◆ TASK REQUIREMENTS
Leaving the pictures aside, repeat each line below exactly.

**** DATASET CONTENT ****

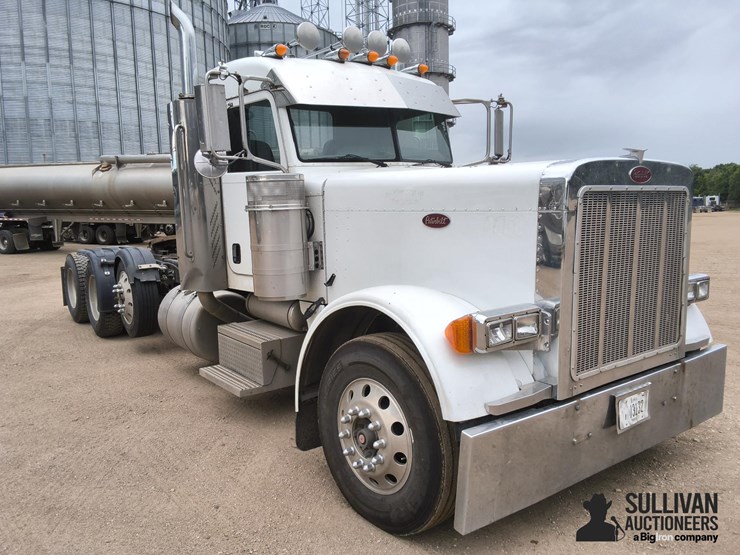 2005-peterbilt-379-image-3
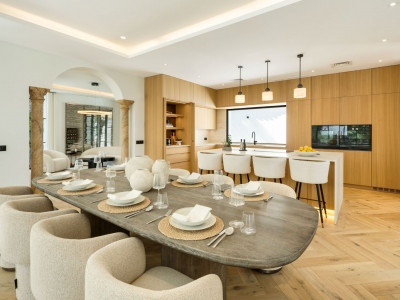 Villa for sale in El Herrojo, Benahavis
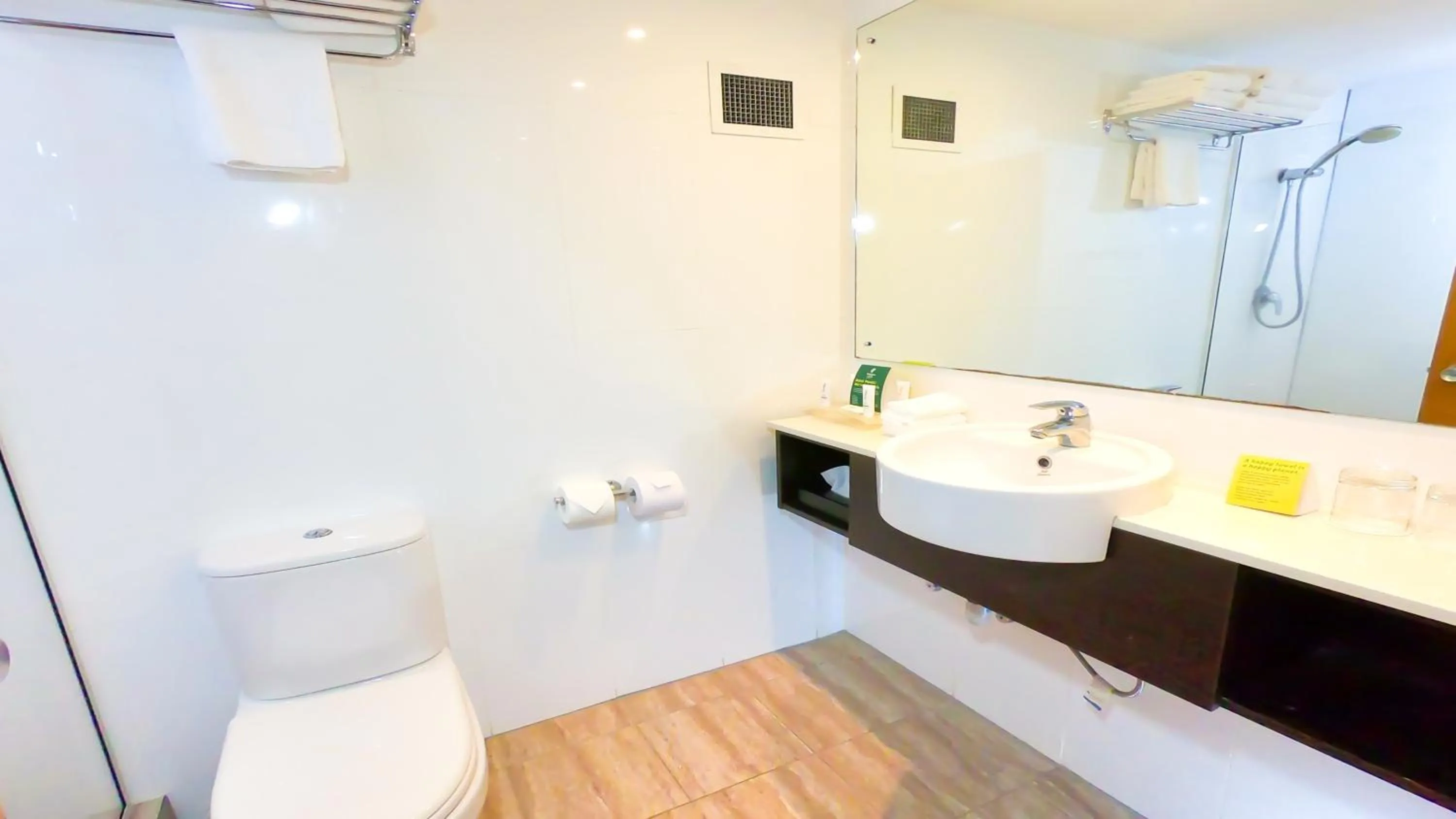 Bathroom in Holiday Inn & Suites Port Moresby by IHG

****

◆ RESPONSE BOX
 2005-peterbilt-379-image-3
 Villa for sale in El Herrojo, Benahavis
 Bathroom in Holiday Inn & Suites Port Moresby by IHG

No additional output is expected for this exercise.